I’ve now found the website for the North Tyne and Redesdale churches – http://sites.google.com/site/ntyneredesdalechurches/home – it is not linked from the Newcastle Diocesan Website.
Susan has a four-wheel drive car and we headed out of Bellingham along the North Tyne (and the line of the Border Counties’ Railway) to the village of Greenhaugh, which has a school but no church. Another mile or so, across Tarset Burn, to St Aidan’s church at Thorneyburn NY786876. Susan told me that in the snow she and her four-wheeler got through the snow to find two visitors had come to church – another local came when she heard the bell ringing, and one woman walked through the snow from village and got there in time to make the coffee. That’s dedication – I felt guilty that one of my churches had closed for three Sundays.
Like Humshaugh, the church was built by the Greenwich Hospital Commissioners in 1818 to provide a living for Naval Chaplains after the Napoleonic War. What on earth did a retired naval chaplain make of being sent to the middle of nowhere – sorry, I’m using that phrase too often. It makes you wonder why they built so far from the village – presumably they owned a plot of land here, or it was cheap. The original name was Draper Croft but, as the Commissioners had a Parliamentary Bill prepared for a parish elsewhere in the country called Thorneyburn and did not proceed to build it, they used the Bill and the name! We assume these hatchments have a Greenwich link – Susan did refer to the “mermaids”, I pointed out the man with a beard was no maid!

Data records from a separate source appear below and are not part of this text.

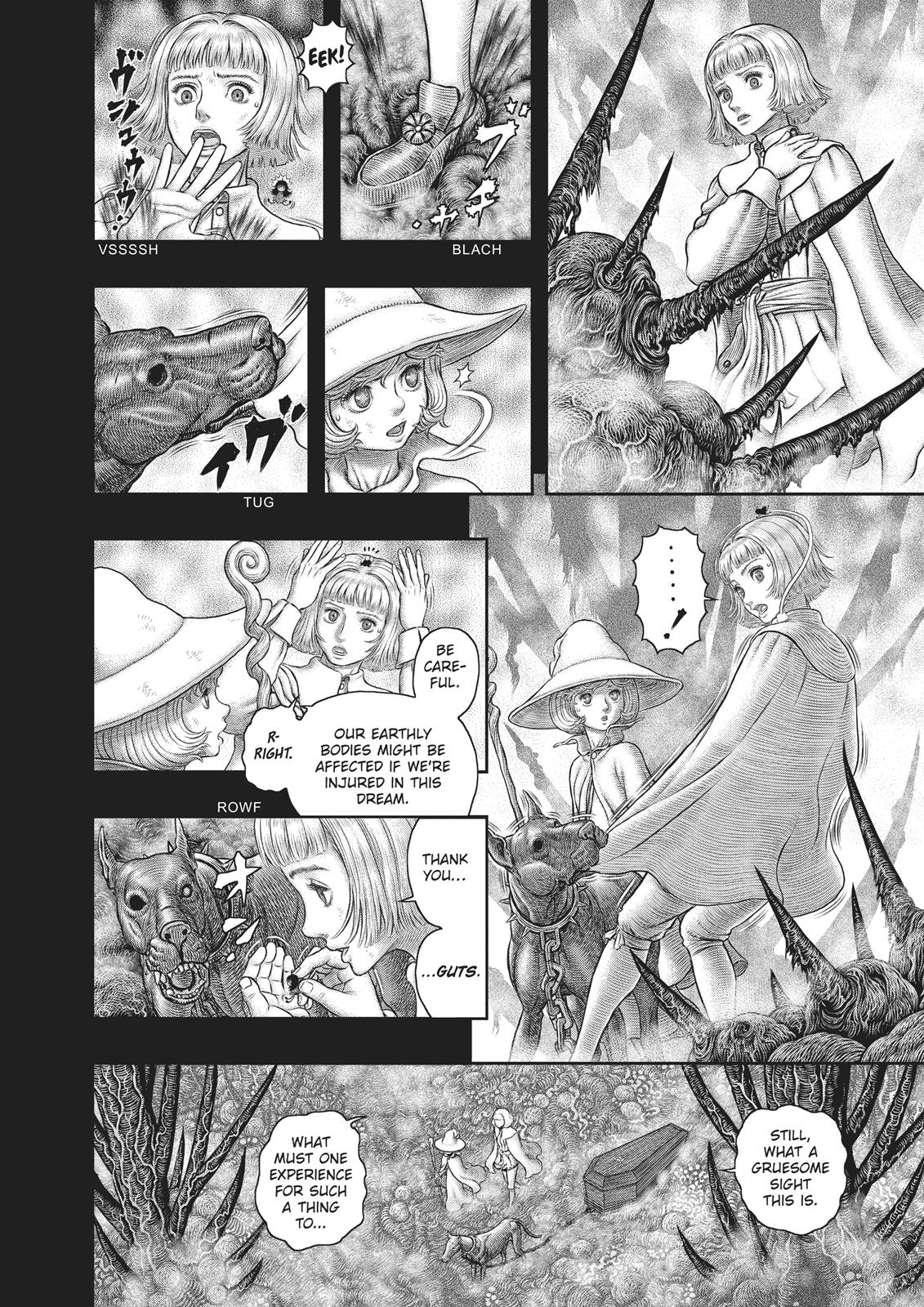 Berserk Manga Chapter 351 image 14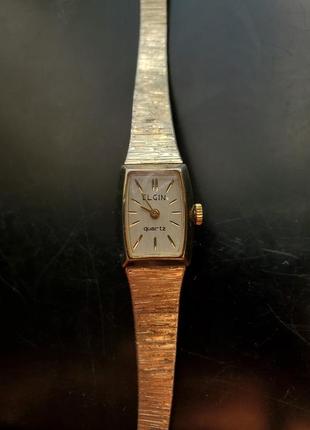 Elgin dz200 позолочений жіночій годинник, америка2 фото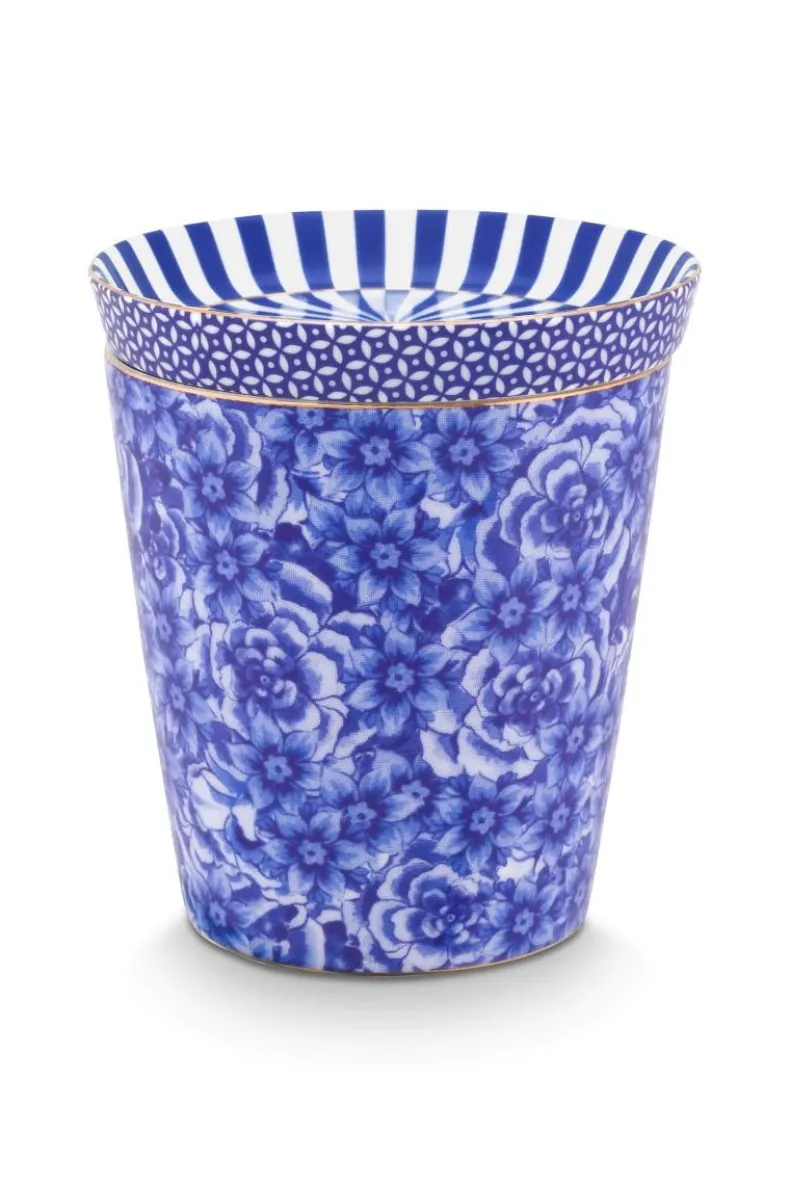 Royal Stripes Mok Bloemen & Theetip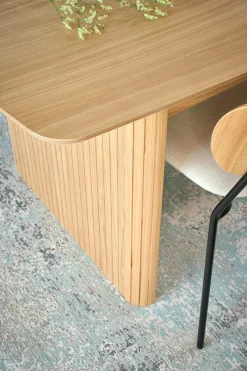 Table à manger extensible bois 6 à 10 personnes Alex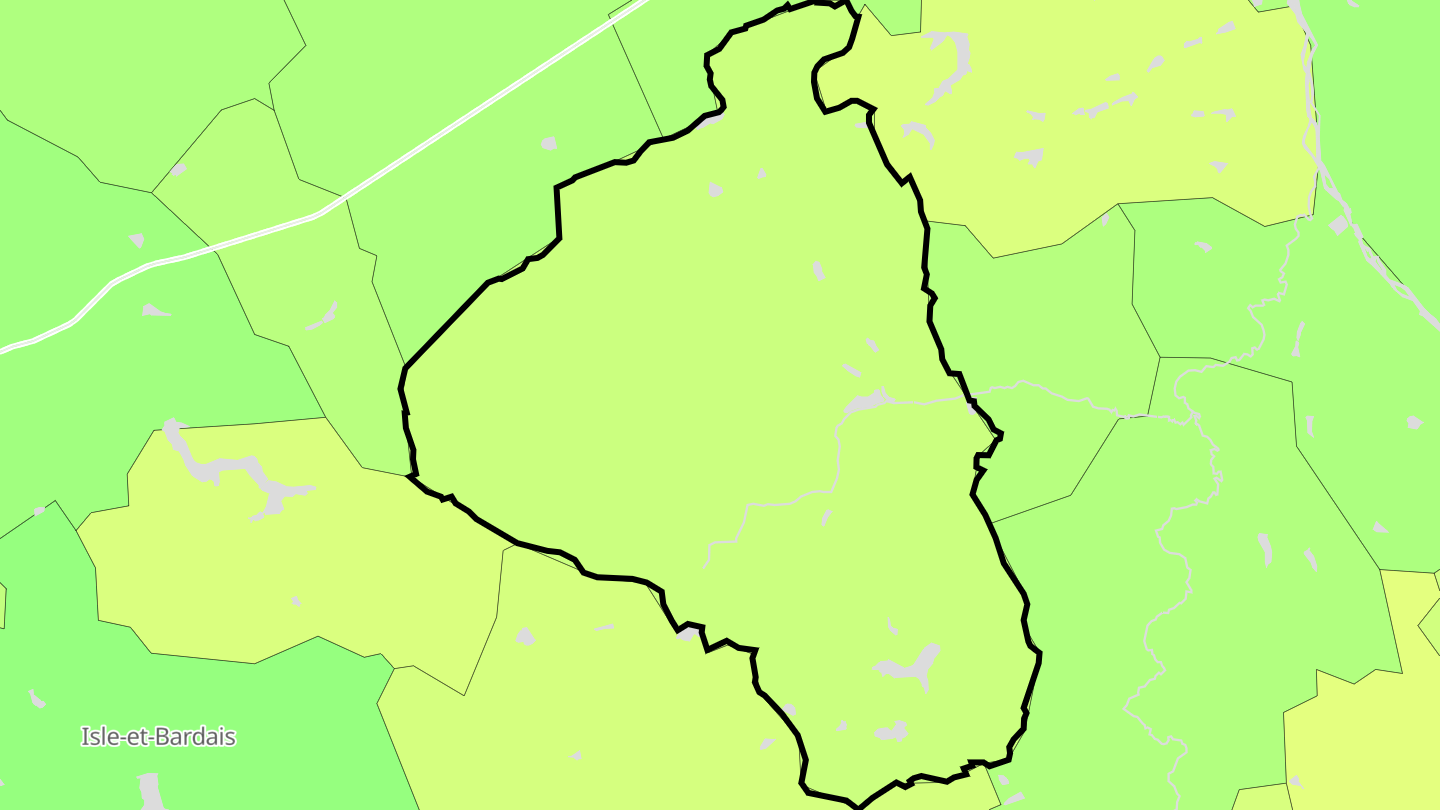 Carte des prix de l'immobilier Lurcy-Lévis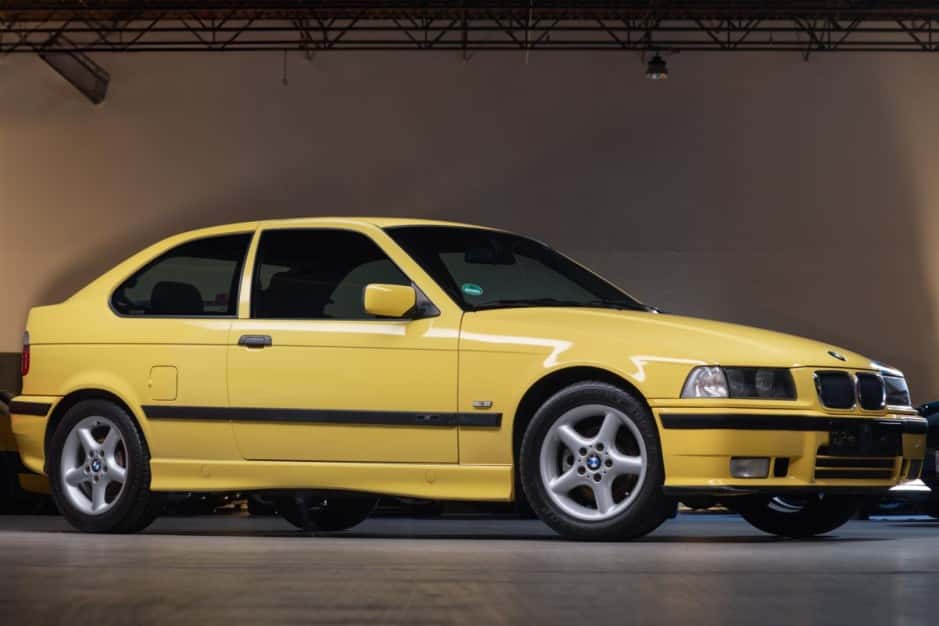 1997 BMW E36/5 ti Compact sold for $13,000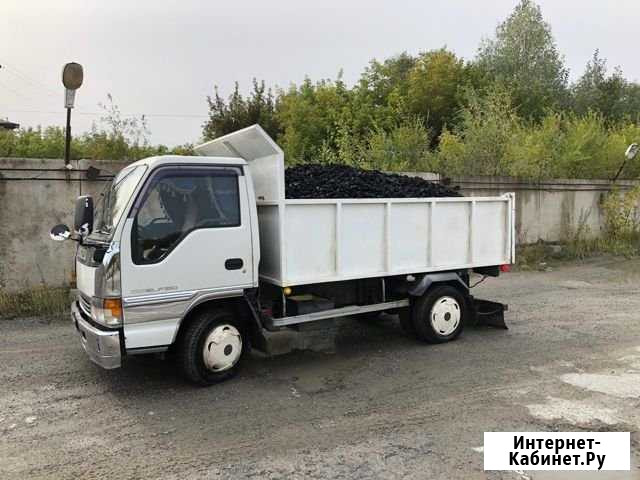 Уголь каменный. Тоннаж и мешками. орех дпк рядовой Новосибирск - изображение 1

Susan says that the school walk to church a couple of times a year – they always arrive late as they stop to look at things en route – and there’s a lovely poster of their “thank you’s”. Also pictures of the annual lambing service.
When the youngsters came in they understood sowing and reaping – and pointed out that sowing is in spring, reaping in autumn, and that the young man is sowing and the old man is reaping. Bet you hadn’t noticed that!